■ **TASK DETAILS**
The entries are to be printed again word for word, but no picture may appear.

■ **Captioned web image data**
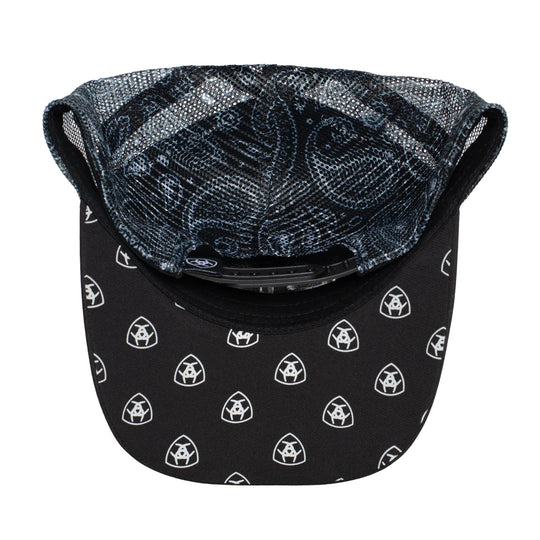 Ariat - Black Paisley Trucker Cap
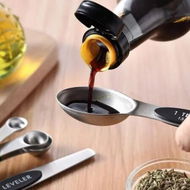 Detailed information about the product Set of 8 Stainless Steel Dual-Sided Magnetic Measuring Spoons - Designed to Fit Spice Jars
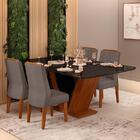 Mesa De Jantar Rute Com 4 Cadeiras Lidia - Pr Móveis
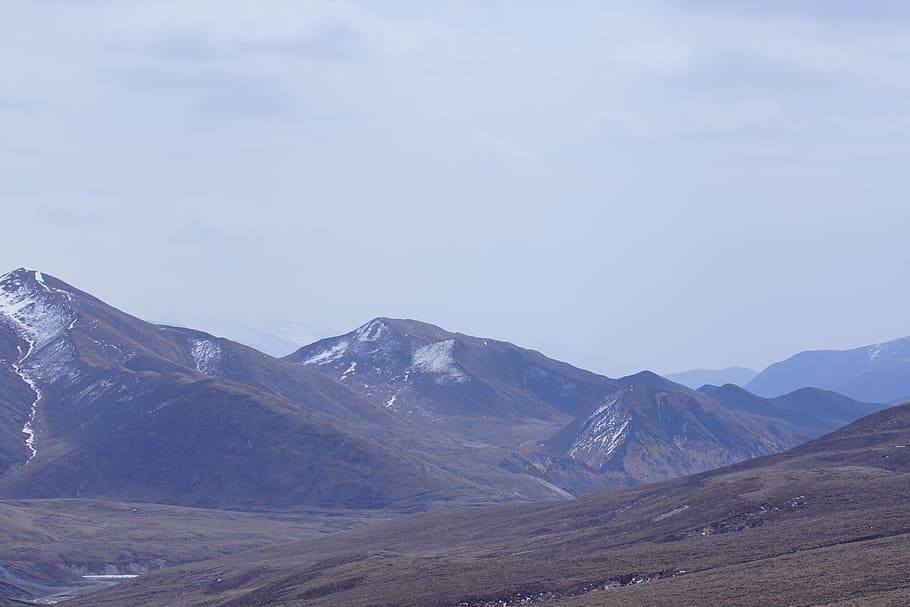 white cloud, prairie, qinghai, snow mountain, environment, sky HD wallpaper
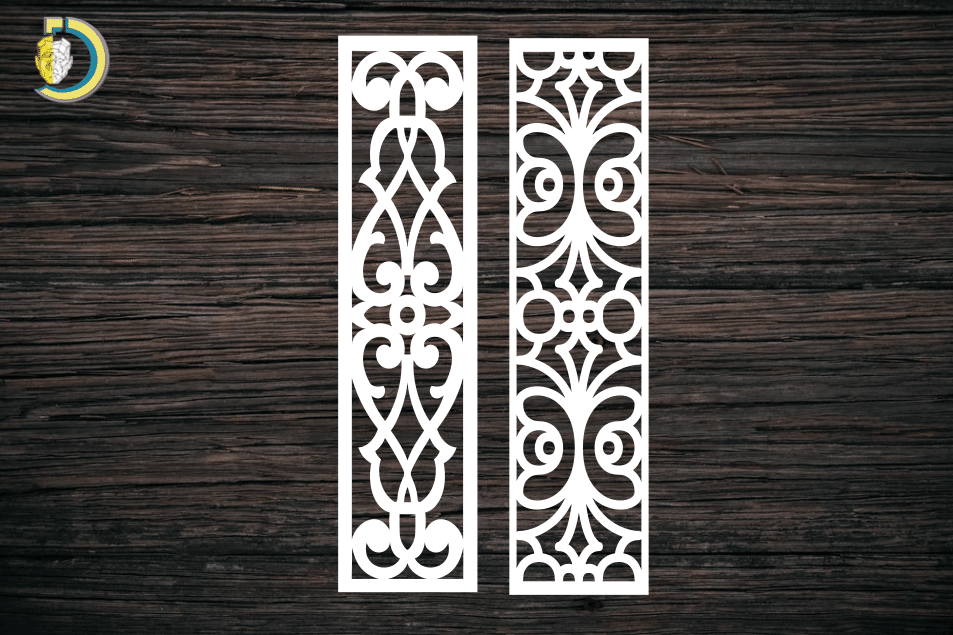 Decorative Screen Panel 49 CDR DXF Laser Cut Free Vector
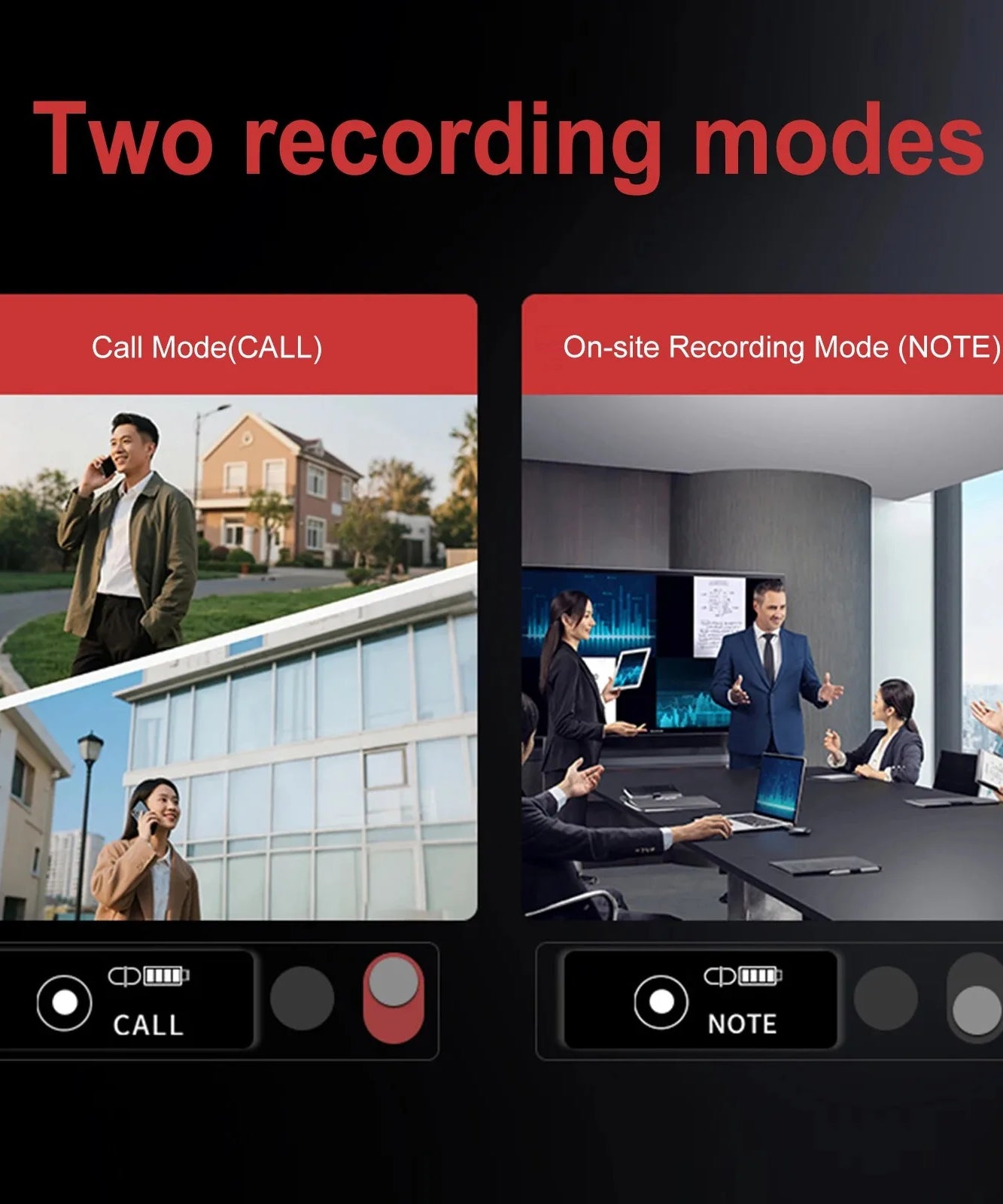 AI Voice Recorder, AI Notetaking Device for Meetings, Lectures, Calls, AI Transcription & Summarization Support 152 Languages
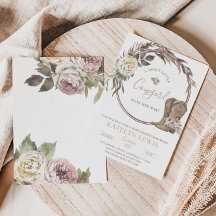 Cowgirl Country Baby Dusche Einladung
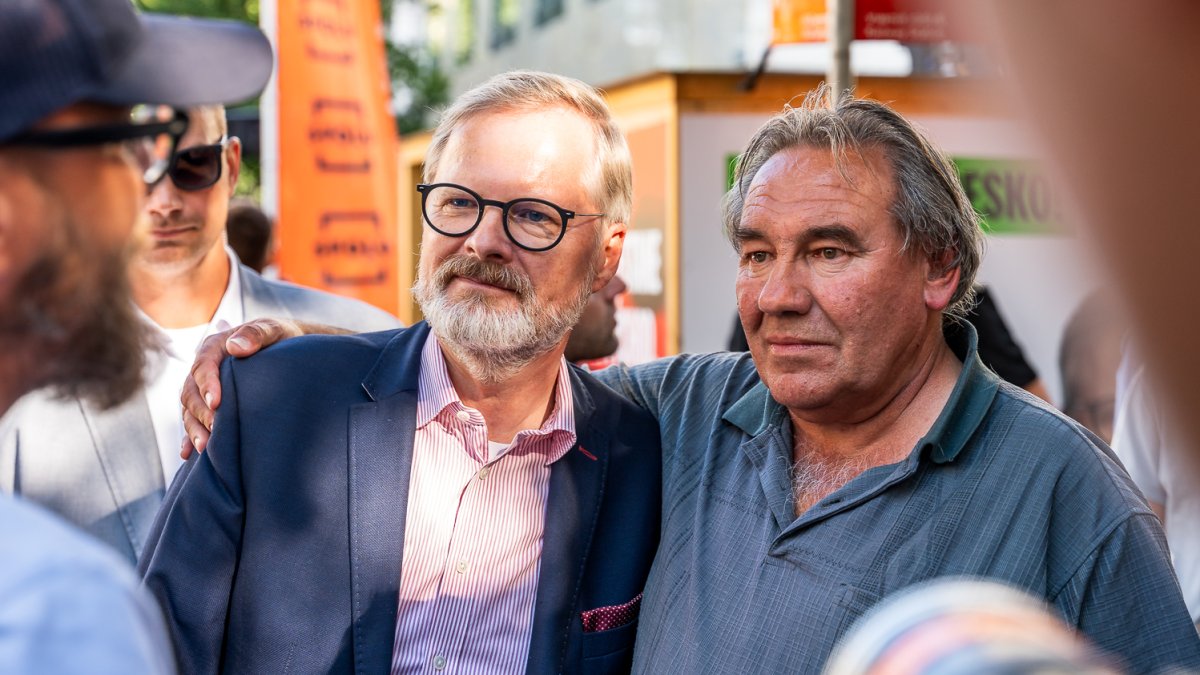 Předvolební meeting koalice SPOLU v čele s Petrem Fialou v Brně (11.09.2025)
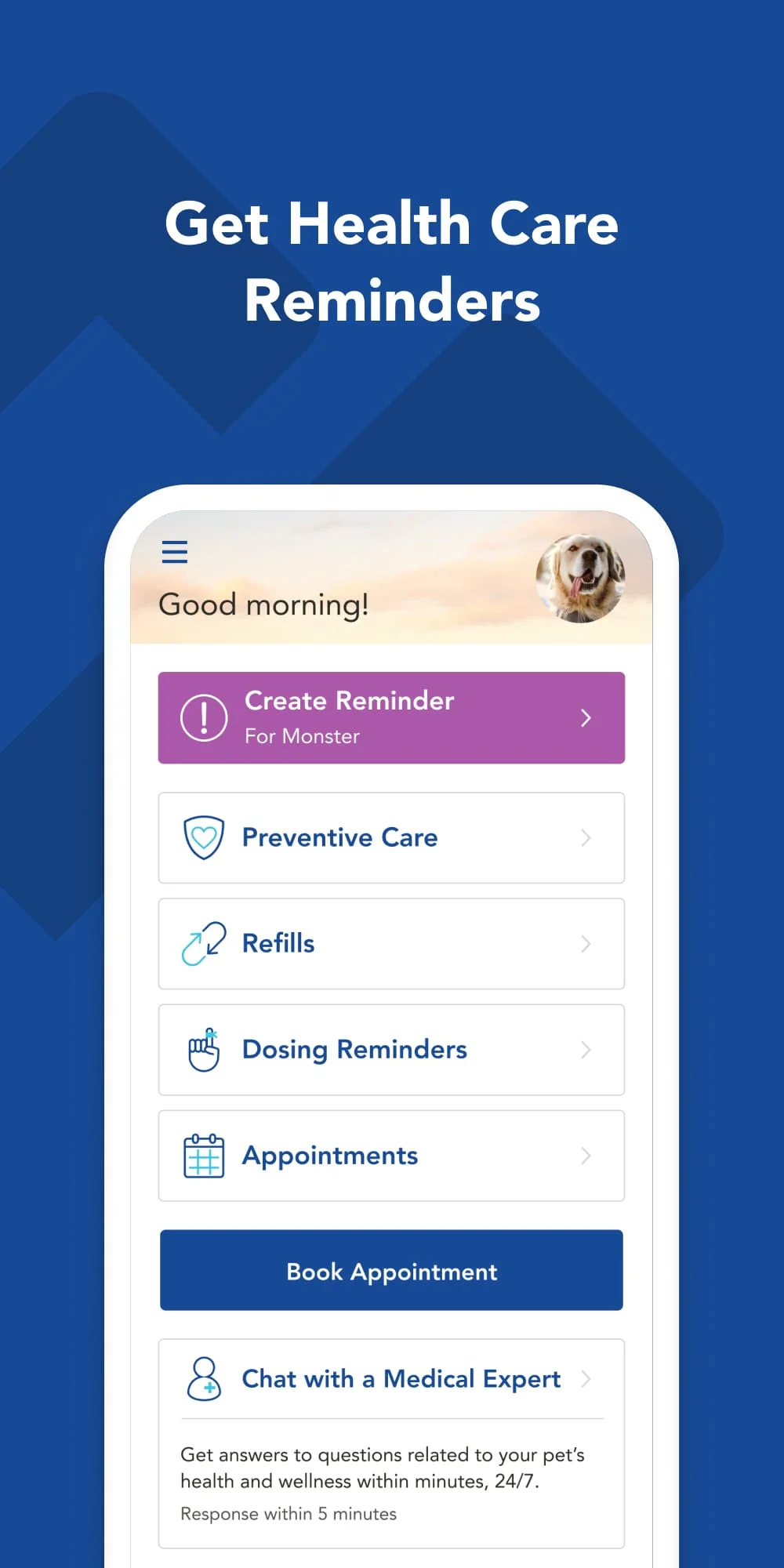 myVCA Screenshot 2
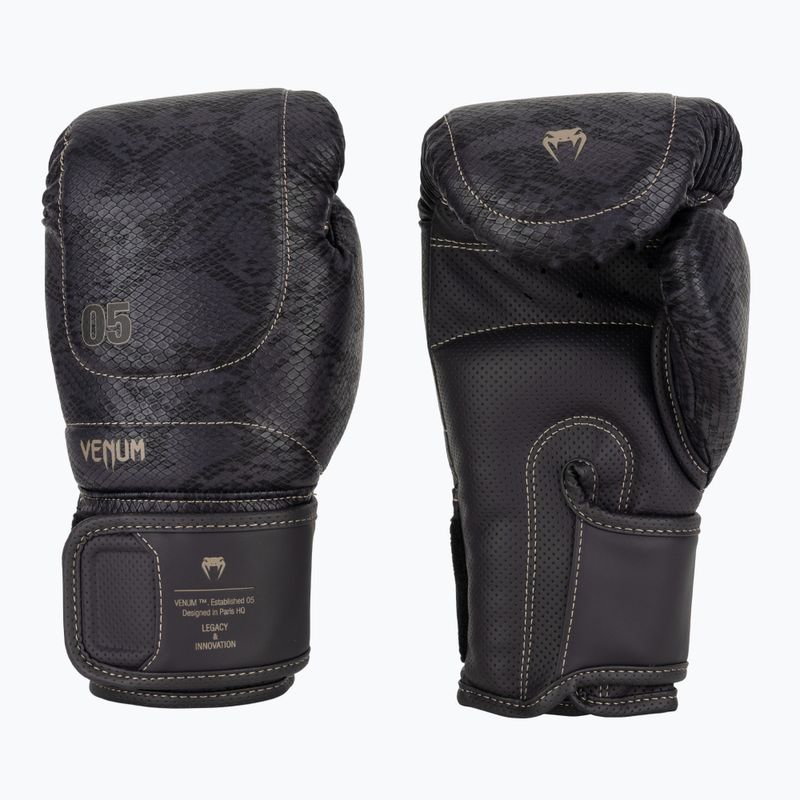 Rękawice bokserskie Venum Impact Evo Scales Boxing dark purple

■ **RESPONSE TO THIS TASK**
 Ariat - Black Paisley Trucker Cap
 Detailed information about the product Set of 8 Stainless Steel Dual-Sided Magnetic Measuring Spoons - Designed to Fit Spice Jars
 Mesa De Jantar Rute Com 4 Cadeiras Lidia - Pr Móveis
 white cloud, prairie, qinghai, snow mountain, environment, sky HD wallpaper
 Decorative Screen Panel 49 CDR DXF Laser Cut Free Vector
 AI Voice Recorder, AI Notetaking Device for Meetings, Lectures, Calls, AI Transcription & Summarization Support 152 Languages
 Cowgirl Country Baby Dusche Einladung
 Předvolební meeting koalice SPOLU v čele s Petrem Fialou v Brně (11.09.2025)
 myVCA Screenshot 2
 Rękawice bokserskie Venum Impact Evo Scales Boxing dark purple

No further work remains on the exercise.